# EXERCISE DIRECTIONS:
The answer is the exact run of lines in the listing below from the line containing "Living room in" up to and including the line containing "Vintage Woven Wicker Doll Bed", with pictures removed.

# GIVEN DATA:

▼

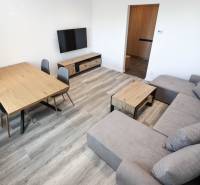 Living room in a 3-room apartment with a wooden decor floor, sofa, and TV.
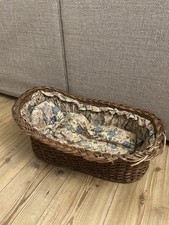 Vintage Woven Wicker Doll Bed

▲
▼

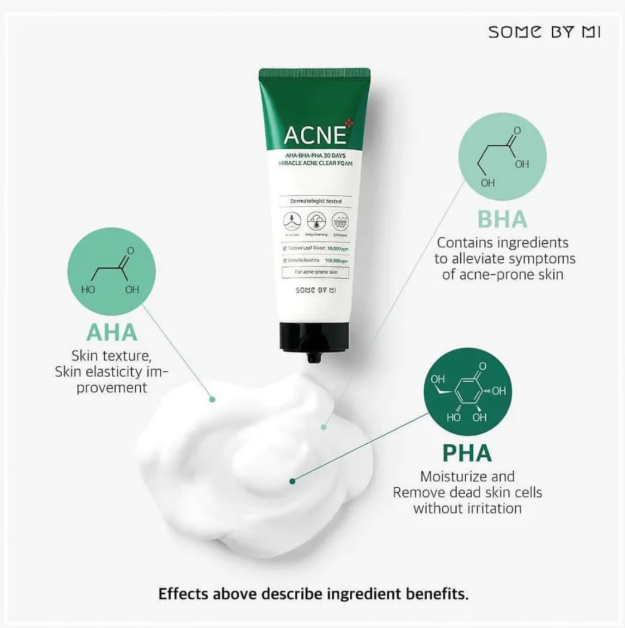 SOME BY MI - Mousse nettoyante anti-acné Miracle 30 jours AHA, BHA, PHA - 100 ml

▲
▼

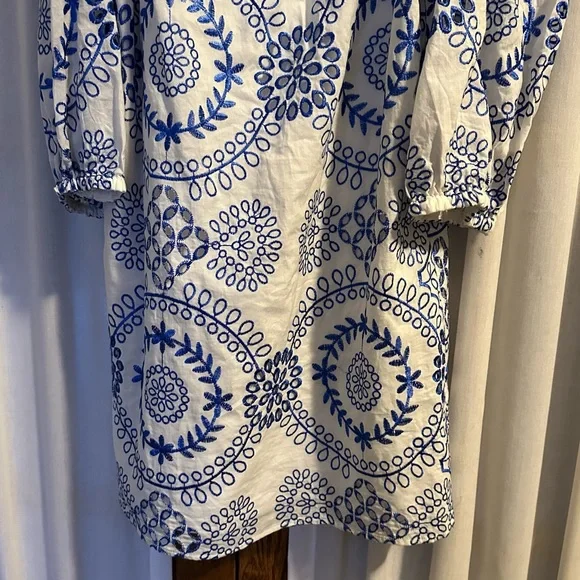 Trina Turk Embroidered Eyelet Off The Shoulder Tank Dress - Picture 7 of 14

▲

# OUTPUT FOR THIS TASK:
 Living room in a 3-room apartment with a wooden decor floor, sofa, and TV.
 Vintage Woven Wicker Doll Bed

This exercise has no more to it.